HK, China managers anticipate benefits of common fund recognition platform
04 February 2013
News, China, Hong Kong
By Hui Ching-hoo
Market pundits expect the fund industries of China and Hong Kong to benefit from a soon-to-be-launched common fund recognition platform, though the expected increase in new fund launches driven by the scheme hinges on requirements to be set by the Mainland and Hong Kong regulators.
On January 23, Securities & Futures Commission (SFC) Deputy CEO Alexa Lam noted that the regulator is looking to push ahead with the development of cross-border fund operations by introducing a mutual recognition platform between China and Hong Kong.
Sunny Ng, director of research at Morningstar Asia, tells Asia Asset Management that, “This is a very significant and important development for the fund industry in Hong Kong and mainland China. It opens up the door for many international and local fund managers with operations in Hong Kong to distribute their products on the Mainland, while at the same time allowing China fund managers to distribute their funds in Hong Kong.”
“There aren’t yet sufficient details to know what infrastructure might be required to qualify for mutual recognition, but should asset managers need to seek separate approval for each fund they want qualified, the SFC and China Securities Regulatory Commission (CSRC) will clearly need to raise their staff numbers to handle the approval procedure,” he adds.
“Many managers claim that the current fund registration and approval process is already too arduous and lengthy, so if there is a sharp increase in the number of fund launches, appropriate levels of infrastructure would be needed to avoid lengthy fund registration delays.”
Mr.
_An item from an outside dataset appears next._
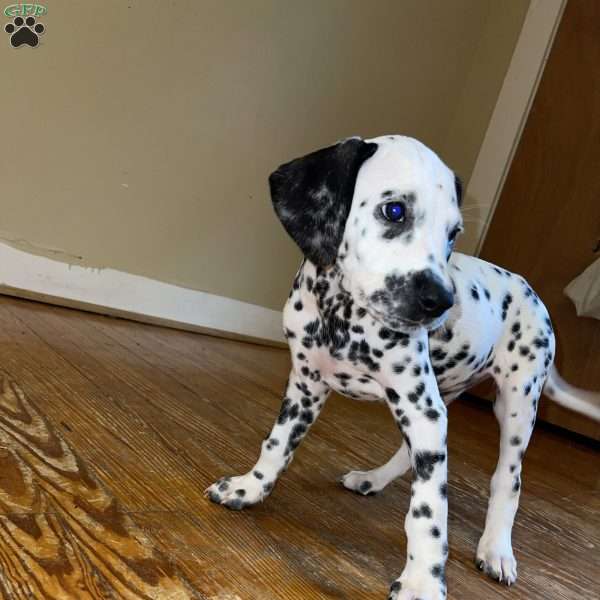 Daisy, Dalmatian Puppy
Ng states that the new supply will depend on requirements and restrictions, but he expects the number of new fund launches to be significant given that one of the conditions of mutual recognition is that the funds need to be domiciled in either Hong Kong or the Mainland: “Currently the majority of funds sold in Hong Kong are European-domiciled UCITS qualified funds. Should mutual recognition come to pass, this would give many international fund houses an incentive to set-up Hong Kong-domiciled funds and spur significant activity in the fund administration and custody businesses in the city.”
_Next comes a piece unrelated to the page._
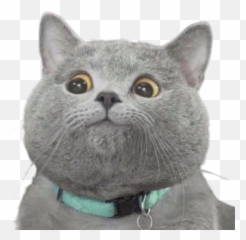 Gatsby - Pluginpreconnect Gatsby Emoji,Cat Cloud Tag Cat Emotions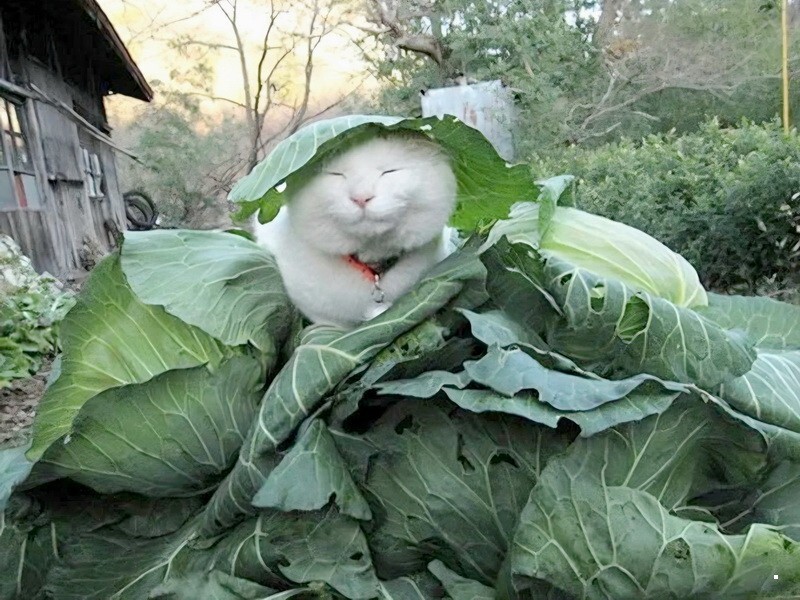 ФотоВсячина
However, Lipper’s head of Asia Pacific research Xav Feng plays down the prospective gains from the initiative. International fund managers are unlikely to rush to set up Hong Kong-domiciled funds in the short run, he says, expecting only some specific Hong Kong-domiciled funds, such as overseas-focussed funds, to be allowed to sell on the Mainland in the initial stage given the restrictions on Mainland investors investing overseas.